I’ve been enthusiastic about The National since early 2007, the first time I heard Alligator. I guess that makes me late, but whatever—I’ve spent the past couple of years religiously sermonizing them to everyone I can, expressing how much they make me feel and how important I think it is for people to hear Matt Berninger’s voice swell over the plucky depths of “Start A War” and “All the Wine.”
After September 17th, the night when I watched The Arcade Fire play the best show I’d ever seen, I still couldn’t bring myself to miss The National one night later, though I was exhausted and still shaking from the impact of Win Butler and his frighteningly provocative arrangements. And once I walked into the Ogden Theater with the one friend willing enough to pay to see a band he’d never heard, I forgot for a moment what I’d seen the night before and became completely immersed in the sensuality of The National’s music.

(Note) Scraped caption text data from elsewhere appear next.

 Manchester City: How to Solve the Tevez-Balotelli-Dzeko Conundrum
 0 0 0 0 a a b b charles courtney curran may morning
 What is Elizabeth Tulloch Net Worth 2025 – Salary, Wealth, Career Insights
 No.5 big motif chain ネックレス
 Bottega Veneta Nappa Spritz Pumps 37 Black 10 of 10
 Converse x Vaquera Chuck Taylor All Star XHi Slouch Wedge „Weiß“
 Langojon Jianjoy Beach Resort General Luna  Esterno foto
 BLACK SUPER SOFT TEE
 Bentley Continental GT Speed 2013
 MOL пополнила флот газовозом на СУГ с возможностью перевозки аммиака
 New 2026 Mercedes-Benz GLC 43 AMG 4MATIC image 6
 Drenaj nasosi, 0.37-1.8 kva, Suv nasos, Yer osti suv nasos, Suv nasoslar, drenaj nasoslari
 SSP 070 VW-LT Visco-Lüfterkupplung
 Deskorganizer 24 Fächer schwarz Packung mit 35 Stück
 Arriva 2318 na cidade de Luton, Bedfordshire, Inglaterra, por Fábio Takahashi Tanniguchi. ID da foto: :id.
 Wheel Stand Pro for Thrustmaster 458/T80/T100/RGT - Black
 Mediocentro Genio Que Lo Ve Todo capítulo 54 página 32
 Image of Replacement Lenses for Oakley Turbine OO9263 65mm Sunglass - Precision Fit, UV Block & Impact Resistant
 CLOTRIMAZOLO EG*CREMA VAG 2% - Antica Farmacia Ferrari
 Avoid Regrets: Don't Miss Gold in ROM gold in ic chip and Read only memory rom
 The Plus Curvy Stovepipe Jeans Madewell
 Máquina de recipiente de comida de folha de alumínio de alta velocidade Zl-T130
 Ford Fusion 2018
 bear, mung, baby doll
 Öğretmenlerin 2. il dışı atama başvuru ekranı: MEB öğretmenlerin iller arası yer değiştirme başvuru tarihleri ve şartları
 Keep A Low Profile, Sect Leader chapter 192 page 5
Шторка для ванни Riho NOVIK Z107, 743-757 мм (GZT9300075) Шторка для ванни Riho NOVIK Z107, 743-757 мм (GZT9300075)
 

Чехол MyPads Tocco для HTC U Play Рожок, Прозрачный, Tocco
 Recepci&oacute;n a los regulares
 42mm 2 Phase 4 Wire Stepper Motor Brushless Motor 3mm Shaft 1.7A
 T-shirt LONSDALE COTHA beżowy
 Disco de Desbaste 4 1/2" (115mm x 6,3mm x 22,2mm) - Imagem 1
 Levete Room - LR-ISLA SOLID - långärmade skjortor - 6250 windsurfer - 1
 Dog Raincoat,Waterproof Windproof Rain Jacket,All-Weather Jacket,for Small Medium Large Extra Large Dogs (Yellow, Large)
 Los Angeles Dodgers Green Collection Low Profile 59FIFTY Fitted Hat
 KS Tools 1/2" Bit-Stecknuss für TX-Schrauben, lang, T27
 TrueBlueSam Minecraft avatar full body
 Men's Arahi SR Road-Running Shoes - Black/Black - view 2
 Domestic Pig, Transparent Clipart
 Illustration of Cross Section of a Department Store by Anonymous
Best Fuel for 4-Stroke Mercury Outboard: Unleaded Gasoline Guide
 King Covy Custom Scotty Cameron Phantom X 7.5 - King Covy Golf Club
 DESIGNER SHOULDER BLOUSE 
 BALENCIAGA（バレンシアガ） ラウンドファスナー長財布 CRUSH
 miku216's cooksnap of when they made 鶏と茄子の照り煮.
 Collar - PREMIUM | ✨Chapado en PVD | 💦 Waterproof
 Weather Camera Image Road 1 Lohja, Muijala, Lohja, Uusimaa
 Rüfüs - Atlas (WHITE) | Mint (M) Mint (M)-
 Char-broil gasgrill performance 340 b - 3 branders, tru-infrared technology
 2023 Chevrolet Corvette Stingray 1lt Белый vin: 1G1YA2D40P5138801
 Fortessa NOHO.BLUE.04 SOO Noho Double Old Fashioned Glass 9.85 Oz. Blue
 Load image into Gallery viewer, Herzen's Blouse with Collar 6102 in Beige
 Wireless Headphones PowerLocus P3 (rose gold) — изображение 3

It’s about once a year that an artist is introduced to me who I can almost immediately add to my canon of music worth hearing. The National is one of those bands. In my humblest opinion, Boxer was the best record of 2007 and I made known my feelings about it. Writing about them today isn’t momentous or particularly important, rather due to the fact that I threw Boxer on in an effort to smoothly wind down another week at work and felt like sharing. But I’m always glad when I get a chance to talk about the music that truly moves me, and while I listen to a countless number of amazing artists every day, there’s still a special sort of pang I feel when I put on one of this band’s records.
It’s so paltry and clichéd at this point but Bob Marley spoke so simply and elegantly when he said it: “One good thing about music, when it hits you, you feel no pain.” I wouldn’t agree that pain abates, but rather that emotion becomes most resonant, when I hear music like this. Hopefully you all get to share in that feeling at least once in a while.